Available data:

Segment Open

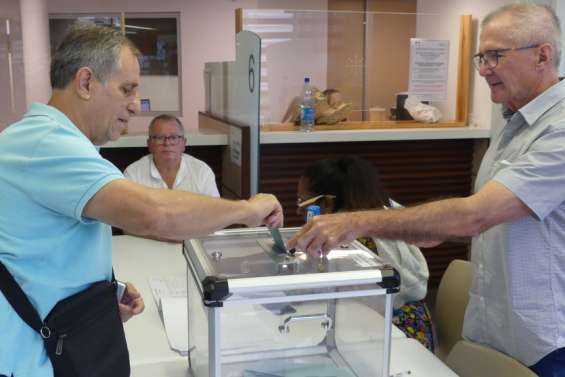 « On a toujours voté à chaque élection »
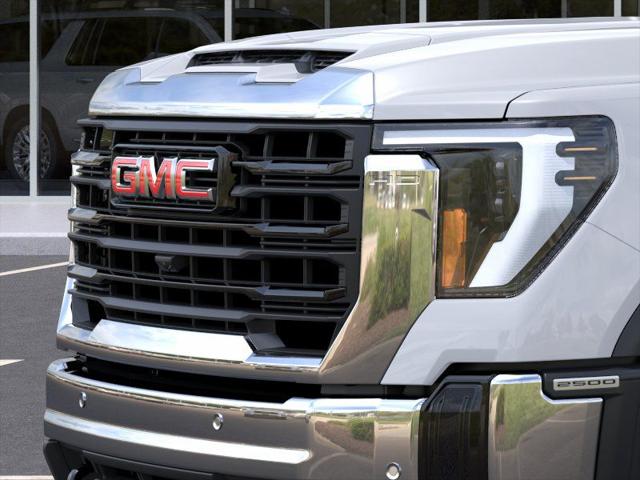 2026 GMC Sierra 2500HD Regular Cab, Long Bed, Pro, 4WD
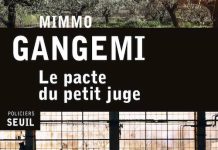 le pacte du petit juge - Mimmo GANGEMI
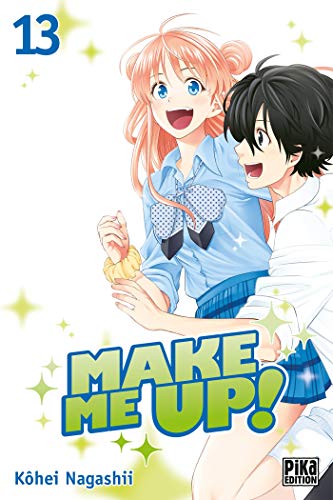 Make Me Up! — Tome 13
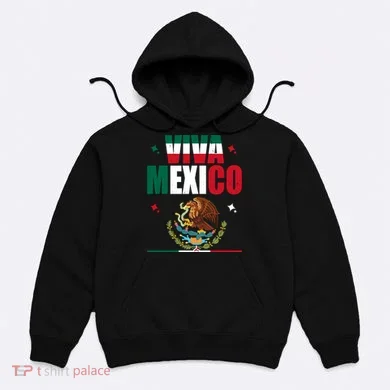 Viva Mexico Hoodie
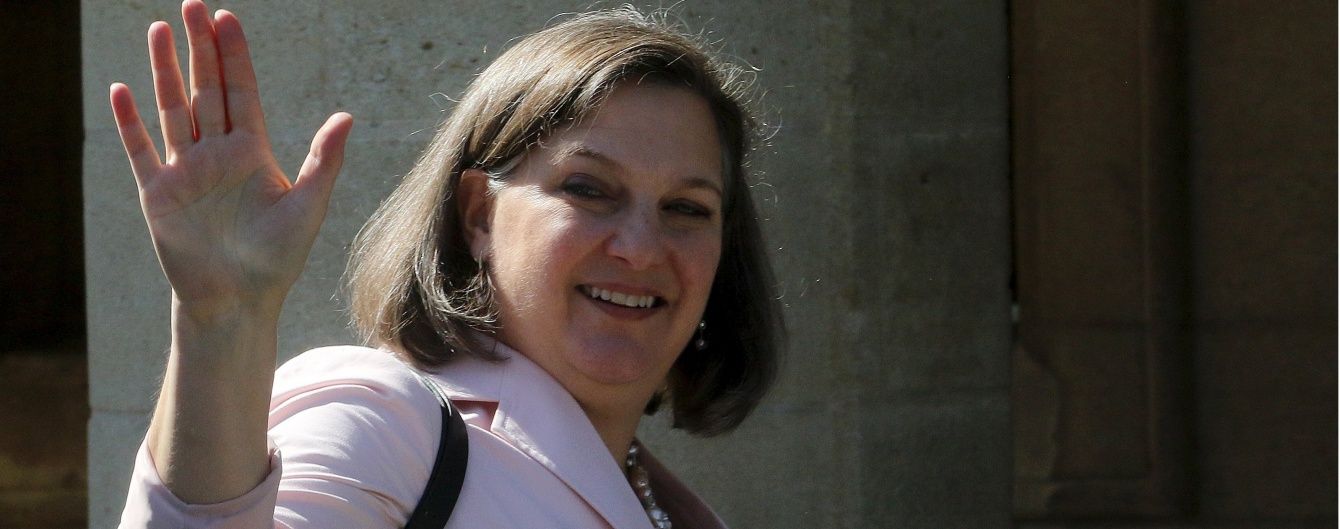 Вікторія Нуланд приїде до Києва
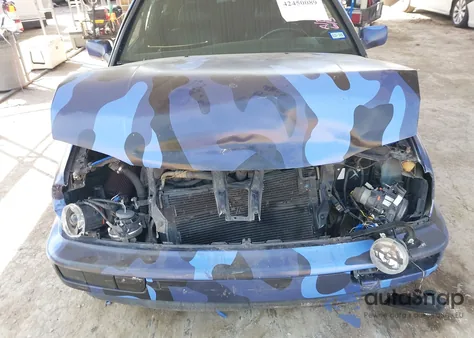 1997 Volkswagen Gti Gti-Vr6 z USA, uszkodzony, nr VIN 3VWHD81H2VM011500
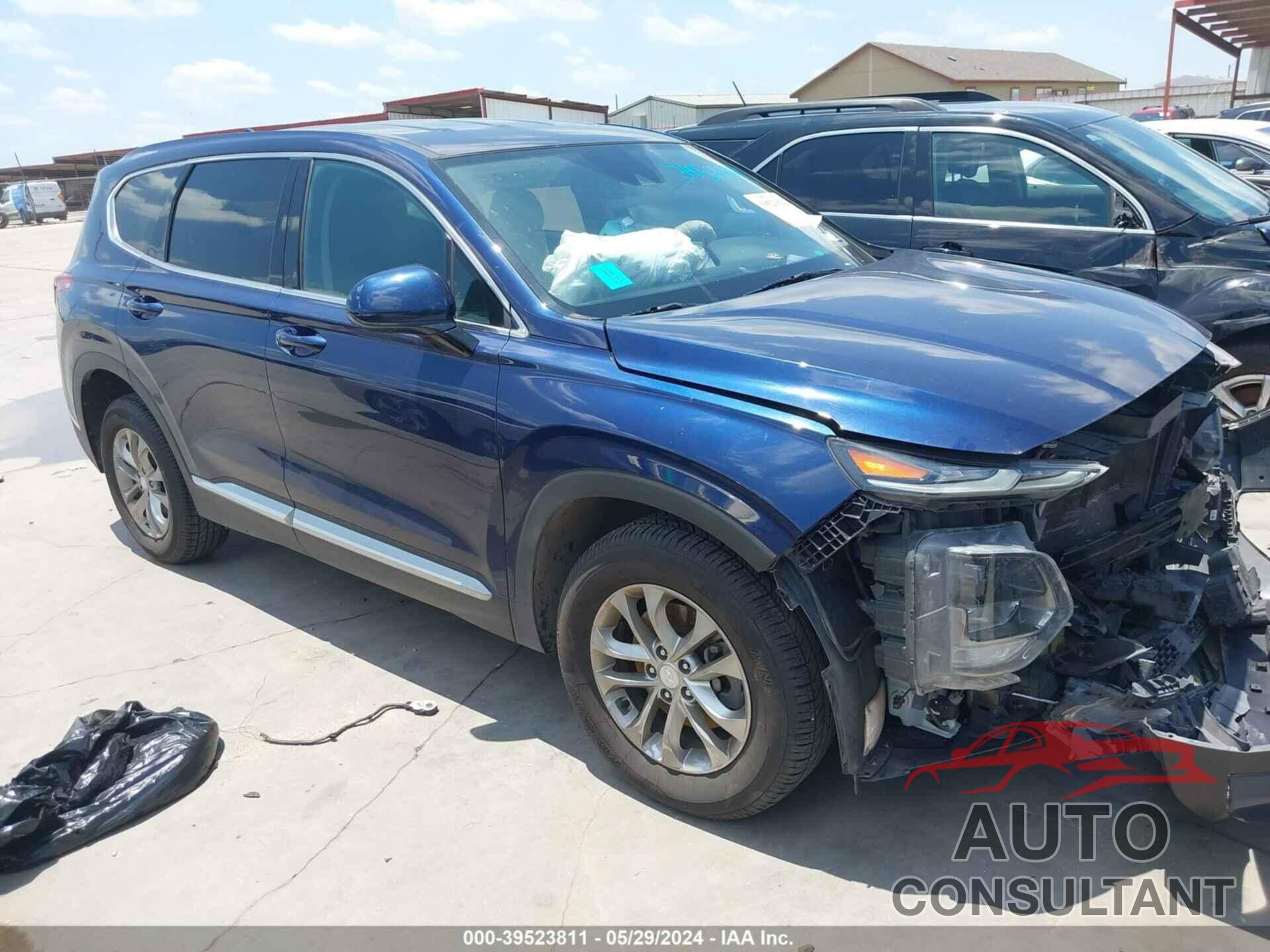 HYUNDAI SANTA FE 2020 - 5NMS33AD1LH255084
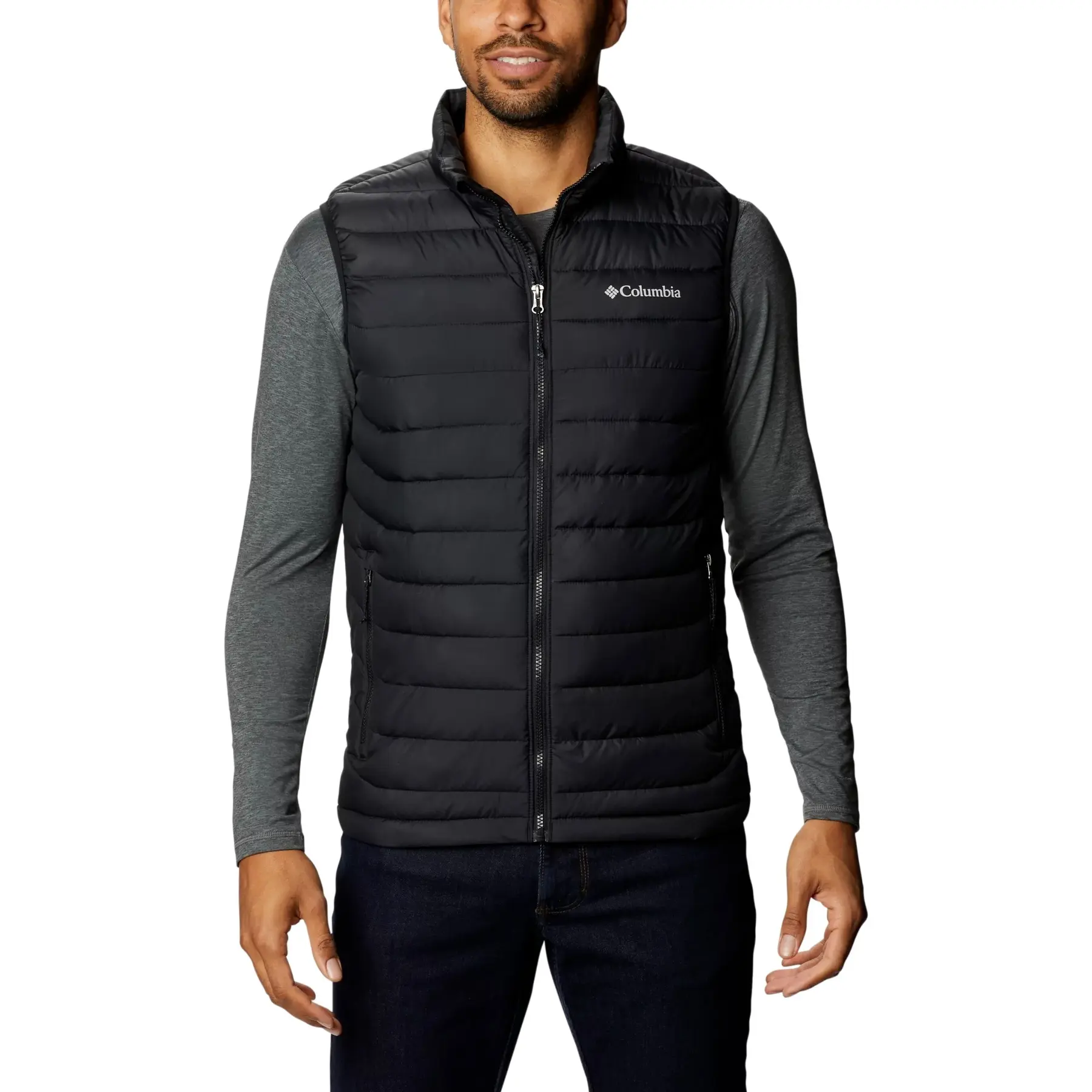 Meilleurs prix pour Veste sans manches Columbia Powder Lite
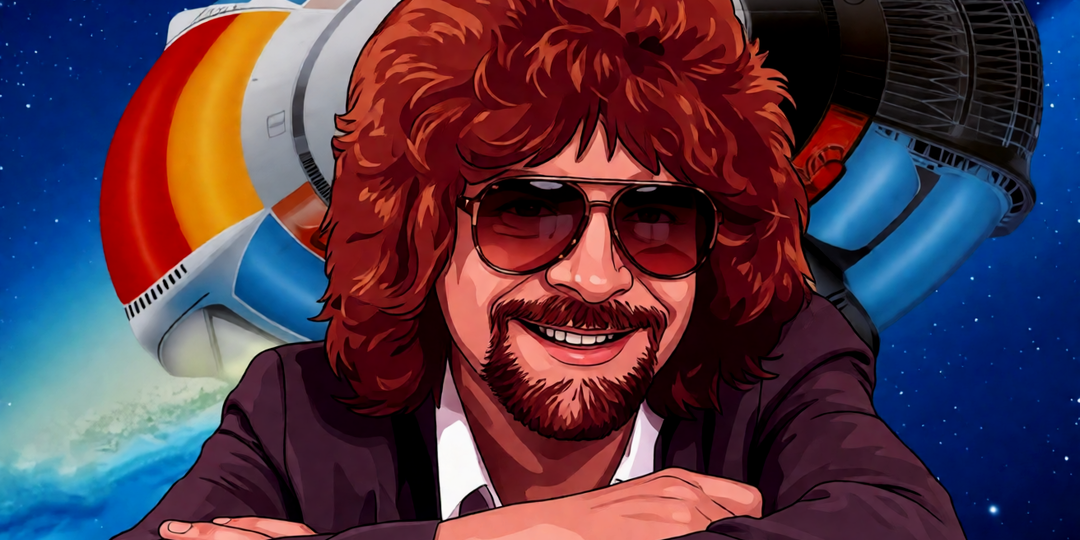 Гениальный скромняга. ТОП-15 песен Джеффа Линна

Segment Closed

What to produce: Your answer must be the full listing, copied exactly, with no pictures in it.

Task answer:
 « On a toujours voté à chaque élection »
 2026 GMC Sierra 2500HD Regular Cab, Long Bed, Pro, 4WD
 le pacte du petit juge - Mimmo GANGEMI
 Make Me Up! — Tome 13
 Viva Mexico Hoodie
 Вікторія Нуланд приїде до Києва
 1997 Volkswagen Gti Gti-Vr6 z USA, uszkodzony, nr VIN 3VWHD81H2VM011500
 HYUNDAI SANTA FE 2020 - 5NMS33AD1LH255084
 Meilleurs prix pour Veste sans manches Columbia Powder Lite
 Гениальный скромняга. ТОП-15 песен Джеффа Линна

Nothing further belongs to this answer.